If you are far from the beach, or emotionally far from that sort of carefree existence (aren’t we all at some point these days?), then you can at least have a taste of it. How? Dorie Greenspan’s coconut lime sable cookies. (YES I REALIZE A BITE OF COCONUT IS NOT THE SAME AS MOVING TO ST. BARTHS BUT ROLL WITH ME HERE.)
But seriously, these cookies do taste an awful lot like a piña colada, minus the booze. (But go ahead and pour yourself a drink while you make them to even things out.)
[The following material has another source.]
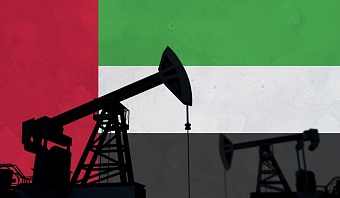 ОАЭ выйдут из ОПЕК и ОПЕК+ с 1 мая 2026 года: как это повлияет на рынок нефти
Note: I strongly recommend that you weigh your flour for this recipe—with any shortbread-like dough, it’s crucial to get the correct ratio of butter to flour so that the dough isn’t too dry and crumbly but also so that the cookies have a nice snap when baked. I add a little cardamom to the dough, which is optional but good.
Coconut Lime Sables
Lightly adapted from Dorie Greenspan
1 2/3 cups (200g) all-purpose flour
1/4 cup (28 grams) cornstarch
1/4 teaspoon cardamom (optional)
2/3 cup (132 grams) cup sugar
zest of 2 limes
1 cup (227g) unsalted butter, at room temperature
1/4 teaspoon salt
1 teaspoon vanilla extract
3/4 cup (63g) sweetened shredded coconut, divided
1/4 cup (28g) unsweetened shredded coconut
First, toast half of the sweetened shredded coconut in a 325 degree oven (spread it on a baking sheet) for about 7 minutes, or until just beginning to take on color and smell fragrant. Set aside.
Whisk together the flour and cornstarch with the cardamom.
Place the sugar in the bowl of a stand mixer and add the lime zest. Rub the zest into the sugar with your fingertips until fragrant.
Add the butter and salt and vanilla to the sugar and beat until fluffy, about 3 minutes on medium-high speed.
Add the flour mixture and mix until just combined, then add the toasted coconut along with the remaining untoasted sweetened coconut. Mix until well-combined, then divide in half and shape each half into a log, about 9” long.
Wrap the logs tightly in plastic wrap and chill for at least 2 hours, or freeze for up to one month.
When ready to bake, preheat the oven to 325 degrees F.
Remove the logs from the fridge (if frozen, let them come to room temp first) — slice the logs into rounds about 1/2” thick.
Spread the unsweetened coconut in a shallow bowl or plate and roll the edges of each cookie in the coconut.
You can either bake them on a parchment-lined sheet or in the wells of a muffin tin. I like to use the muffin tin because it means all the cookies come out perfectly uniform in size. I never grease mine and I’ve never had an issue with them sticking but feel free to grease yours lightly if you’re worried about that.
Place the cookies on the baking sheet or in the muffin tin wells and bake for 18 to 22 minutes, or until just barely pale golden. Remove from the oven and let cool fully.